**Assignment:**
Each line from the one containing "Modern residential exterior" through the end of the data is to be written out exactly, and nothing more.

....

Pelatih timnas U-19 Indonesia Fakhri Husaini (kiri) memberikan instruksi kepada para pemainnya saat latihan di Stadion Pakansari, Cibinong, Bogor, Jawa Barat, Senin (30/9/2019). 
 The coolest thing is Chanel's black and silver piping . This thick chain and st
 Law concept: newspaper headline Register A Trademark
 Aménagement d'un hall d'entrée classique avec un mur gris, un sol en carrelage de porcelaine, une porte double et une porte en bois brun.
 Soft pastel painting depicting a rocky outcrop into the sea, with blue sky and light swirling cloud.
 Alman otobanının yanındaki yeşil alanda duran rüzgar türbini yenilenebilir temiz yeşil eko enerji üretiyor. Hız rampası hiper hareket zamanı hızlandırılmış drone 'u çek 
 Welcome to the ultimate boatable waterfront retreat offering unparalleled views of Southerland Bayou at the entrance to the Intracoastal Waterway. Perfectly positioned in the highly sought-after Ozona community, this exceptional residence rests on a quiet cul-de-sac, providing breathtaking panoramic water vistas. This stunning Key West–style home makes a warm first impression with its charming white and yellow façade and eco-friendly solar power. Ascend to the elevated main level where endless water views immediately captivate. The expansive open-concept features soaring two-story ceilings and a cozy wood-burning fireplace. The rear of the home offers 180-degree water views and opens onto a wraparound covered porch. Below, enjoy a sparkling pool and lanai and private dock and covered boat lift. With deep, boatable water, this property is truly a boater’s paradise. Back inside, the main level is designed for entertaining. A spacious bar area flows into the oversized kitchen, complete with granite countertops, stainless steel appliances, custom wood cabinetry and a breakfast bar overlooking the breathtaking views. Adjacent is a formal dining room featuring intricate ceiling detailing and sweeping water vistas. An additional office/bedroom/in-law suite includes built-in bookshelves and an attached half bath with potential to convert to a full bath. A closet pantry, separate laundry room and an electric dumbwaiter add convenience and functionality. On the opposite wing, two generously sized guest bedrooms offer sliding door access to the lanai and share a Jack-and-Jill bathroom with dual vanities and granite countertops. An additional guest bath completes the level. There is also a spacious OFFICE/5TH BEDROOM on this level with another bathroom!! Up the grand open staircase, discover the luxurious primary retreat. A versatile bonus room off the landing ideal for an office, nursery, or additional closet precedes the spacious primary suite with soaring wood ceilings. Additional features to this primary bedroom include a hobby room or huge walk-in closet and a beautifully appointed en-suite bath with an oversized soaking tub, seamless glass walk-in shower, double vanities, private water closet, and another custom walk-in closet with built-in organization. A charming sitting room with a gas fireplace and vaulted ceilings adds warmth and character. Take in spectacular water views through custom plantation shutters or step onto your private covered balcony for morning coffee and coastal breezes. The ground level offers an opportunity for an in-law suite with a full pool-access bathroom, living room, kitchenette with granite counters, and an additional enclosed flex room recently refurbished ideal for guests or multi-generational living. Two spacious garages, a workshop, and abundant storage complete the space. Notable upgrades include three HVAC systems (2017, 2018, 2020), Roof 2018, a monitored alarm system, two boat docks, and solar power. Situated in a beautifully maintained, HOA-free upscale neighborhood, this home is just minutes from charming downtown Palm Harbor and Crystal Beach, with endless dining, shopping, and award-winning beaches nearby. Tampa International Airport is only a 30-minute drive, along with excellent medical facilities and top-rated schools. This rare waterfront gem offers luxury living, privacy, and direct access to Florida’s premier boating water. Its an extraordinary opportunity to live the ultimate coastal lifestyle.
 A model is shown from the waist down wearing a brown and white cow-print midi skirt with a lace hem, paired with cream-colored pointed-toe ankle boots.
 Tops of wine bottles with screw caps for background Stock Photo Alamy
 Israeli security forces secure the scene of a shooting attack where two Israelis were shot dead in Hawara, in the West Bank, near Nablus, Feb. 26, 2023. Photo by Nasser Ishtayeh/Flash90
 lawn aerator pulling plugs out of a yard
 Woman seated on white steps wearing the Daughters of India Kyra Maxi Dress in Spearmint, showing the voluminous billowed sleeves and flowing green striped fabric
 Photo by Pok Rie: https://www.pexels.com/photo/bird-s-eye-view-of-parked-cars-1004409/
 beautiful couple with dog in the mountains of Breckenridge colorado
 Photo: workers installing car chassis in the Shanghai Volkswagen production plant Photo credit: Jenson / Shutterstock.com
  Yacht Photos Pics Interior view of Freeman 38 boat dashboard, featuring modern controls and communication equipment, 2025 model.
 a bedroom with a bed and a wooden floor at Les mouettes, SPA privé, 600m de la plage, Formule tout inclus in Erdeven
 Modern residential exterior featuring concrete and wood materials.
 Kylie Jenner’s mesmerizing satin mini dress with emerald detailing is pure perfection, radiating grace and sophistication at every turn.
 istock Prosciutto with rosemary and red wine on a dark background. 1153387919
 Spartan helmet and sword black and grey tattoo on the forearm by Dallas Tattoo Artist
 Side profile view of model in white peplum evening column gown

....

**Final answer:**
 Modern residential exterior featuring concrete and wood materials.
 Kylie Jenner’s mesmerizing satin mini dress with emerald detailing is pure perfection, radiating grace and sophistication at every turn.
 istock Prosciutto with rosemary and red wine on a dark background. 1153387919
 Spartan helmet and sword black and grey tattoo on the forearm by Dallas Tattoo Artist
 Side profile view of model in white peplum evening column gown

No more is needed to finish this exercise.